__Task objective__
A verbatim copy is needed of the lines below from the one containing "Su último adiós: en los medios" up to and including the one containing "Image No.12-5 Bed House for sale", excluding pictures.

__Data listing__
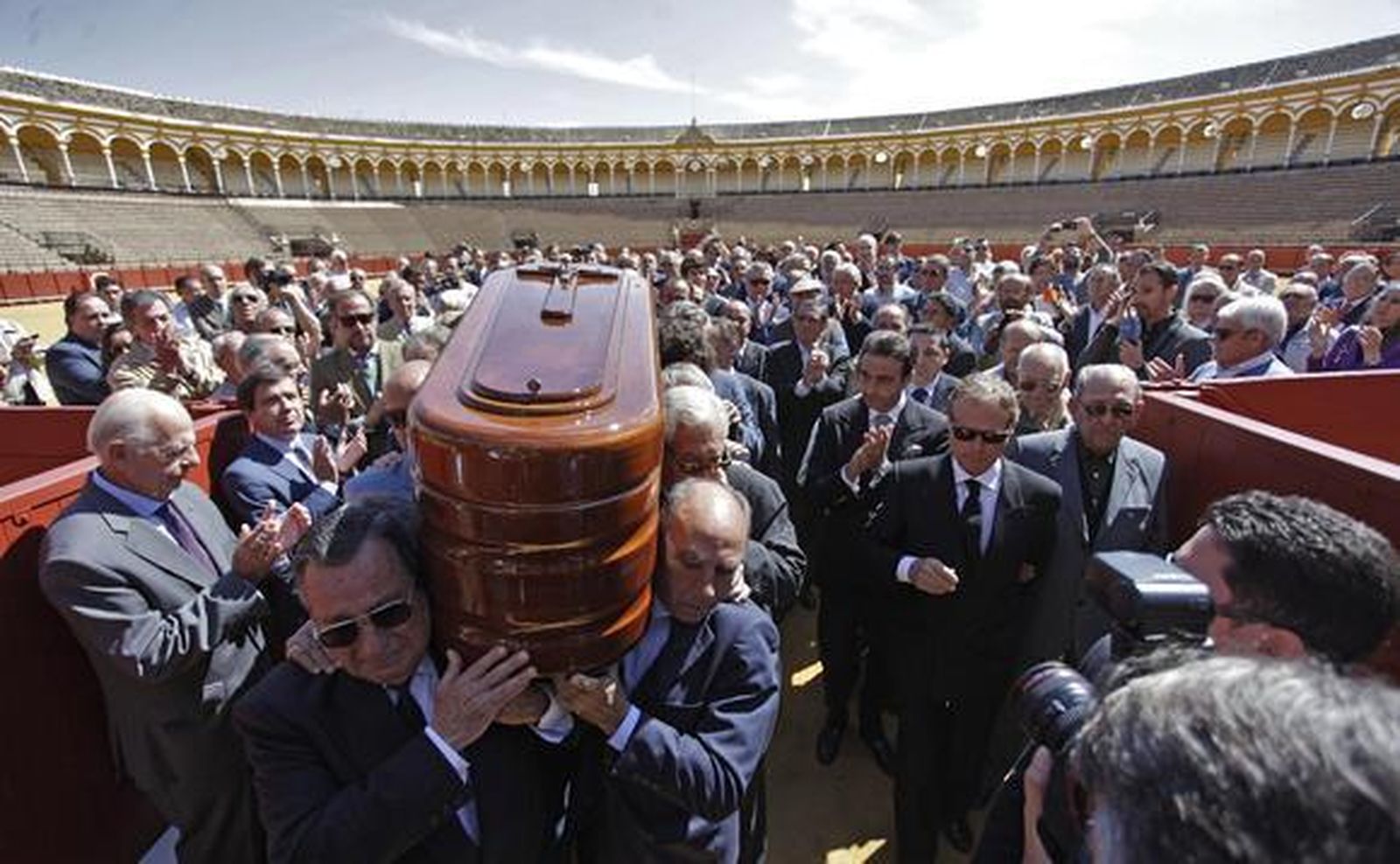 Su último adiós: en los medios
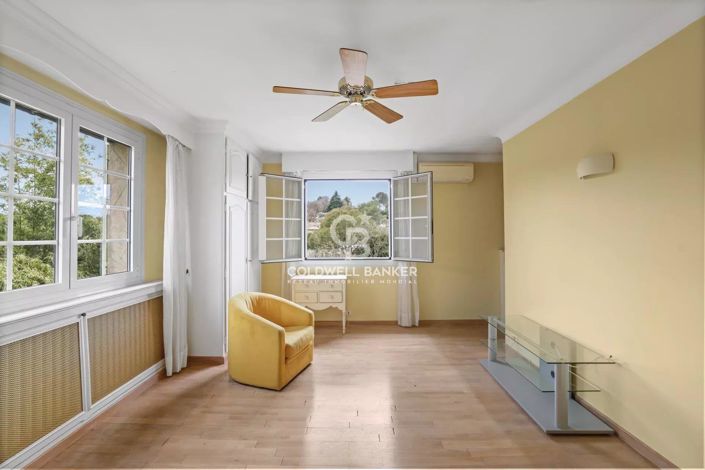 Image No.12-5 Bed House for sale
...
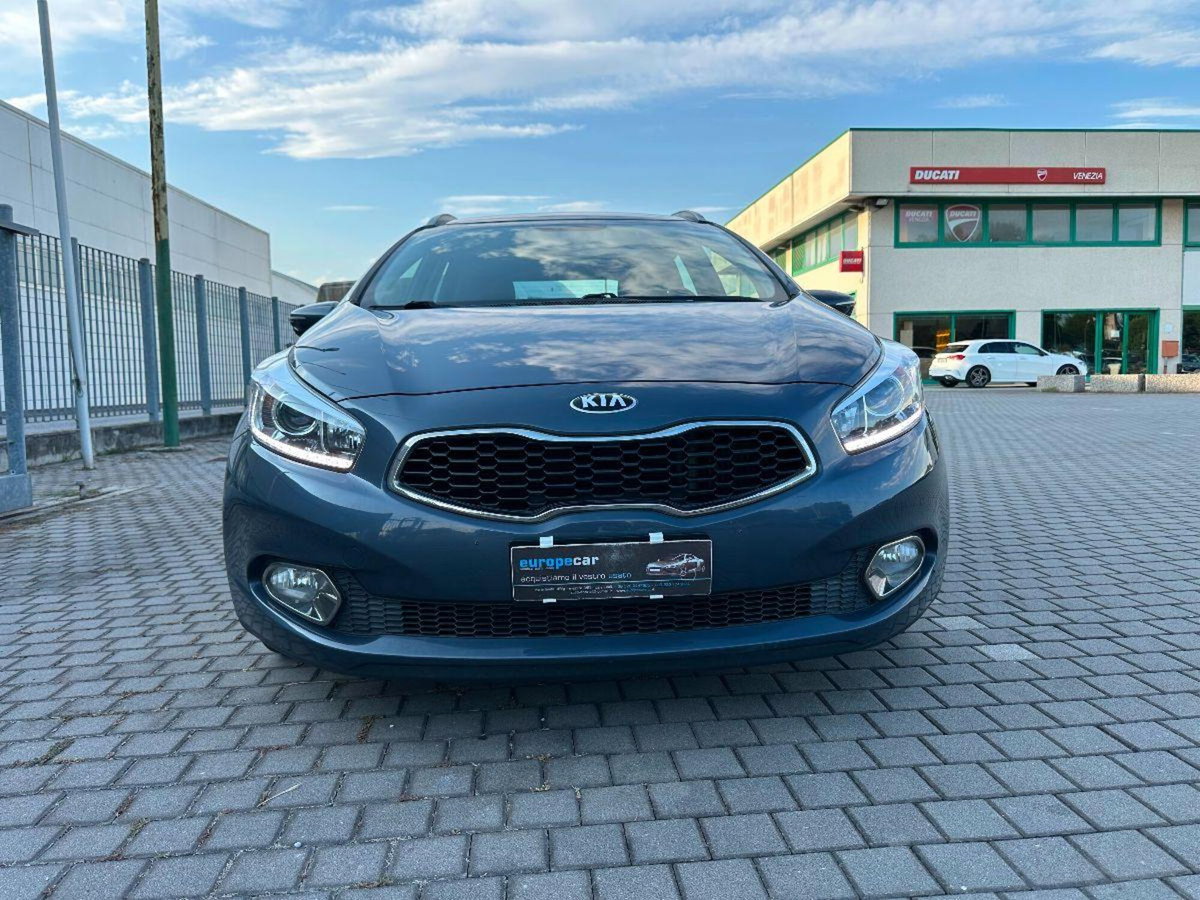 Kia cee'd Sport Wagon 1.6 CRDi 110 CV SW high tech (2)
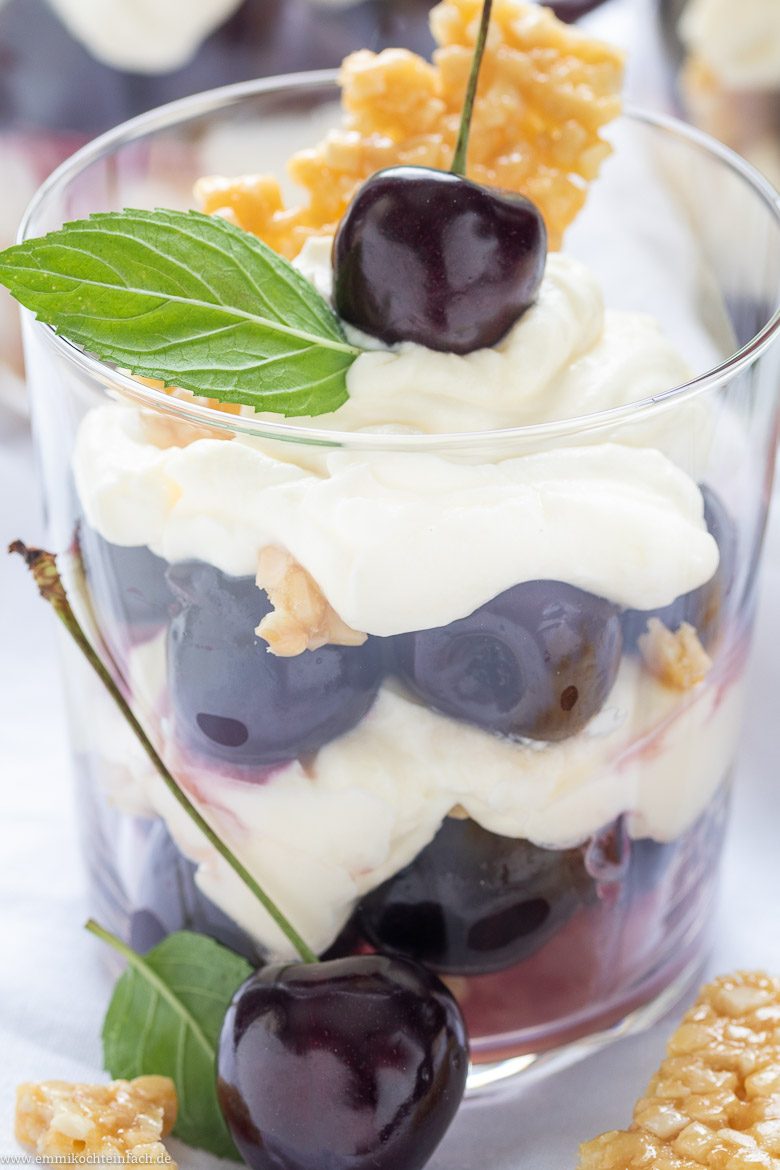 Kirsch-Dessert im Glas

__Answer space__
 Su último adiós: en los medios
 Image No.12-5 Bed House for sale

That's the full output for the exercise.